Priority 4: Improve Data Quality

Activity 4a: Ensure data persistence

Tasks

  1. Identify and verify datasets within GBIF network without current owners

  2. Publish reference instances of these datasets within hosted IPTs

  3. Develop processes and mechanisms for adoption of orphaned datasets by suitable agencies or experts

2019 Progress

The exploration of necessary steps to achieve CoreTrustSeal data repository certification is starting in Q4 2019. This includes the data management services within GBIF.org, but also seeks to identify a set of trusted repositories for publishing datasets within the GBIF network.

Documentation for all stages in the GBIF data ingestion process to start Q3/Q4 2019, following deployment of the informatics infrastructure upgrade (pipelines project).

2019 Participant contributions
  • Biodiversity Heritage Library: Make progress on adding BHL Europe data to BHL. Minimal progress has been made. Developed a plan for a rapid ingest of BHL Europe materials.

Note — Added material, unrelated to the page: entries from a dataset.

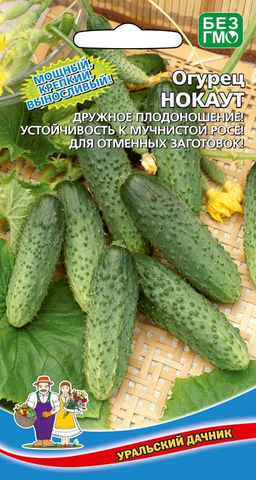 Огурец НОКАУТ  Дружное плодоношение! Устойчивость к мучнистой росе! Для отменных заготовок!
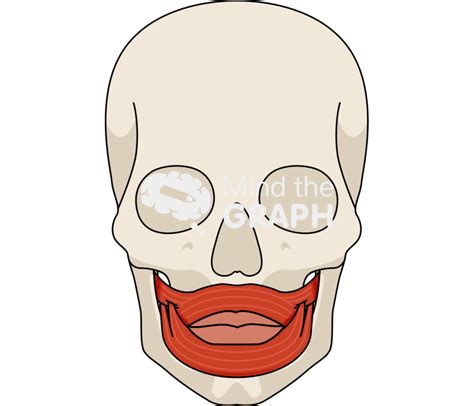Face Human Cranium Muscles Mouth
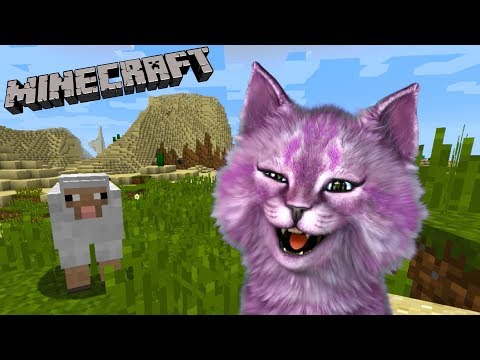 ИГРАЮ В МАЙНКРАФТ, ПОКА ЛЕО СПИТ! КОШКА ЛАНА УЧЕНИЦА ШКОЛЫ НУБОВ MINECRAFT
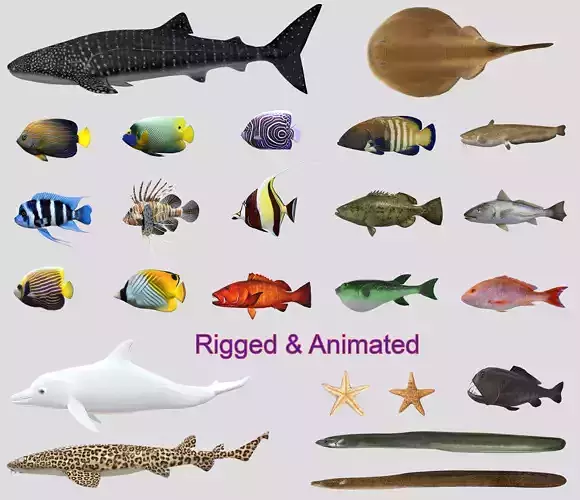 Fish Collection Animated - Game Ready Pack 6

  • iDigBio: iDigBio partnered with the Society of Herbarium Curators to conduct a Strategic Planning for Herbaria short course. The goal was to produce a strategic plan for each represented herbarium, including vision, mission, stakeholders, strategies, goals, objectives, evaluation, and sustainability, among other things. iDigBio has been working with the community on alternative data storage solutions, such as CyVerse.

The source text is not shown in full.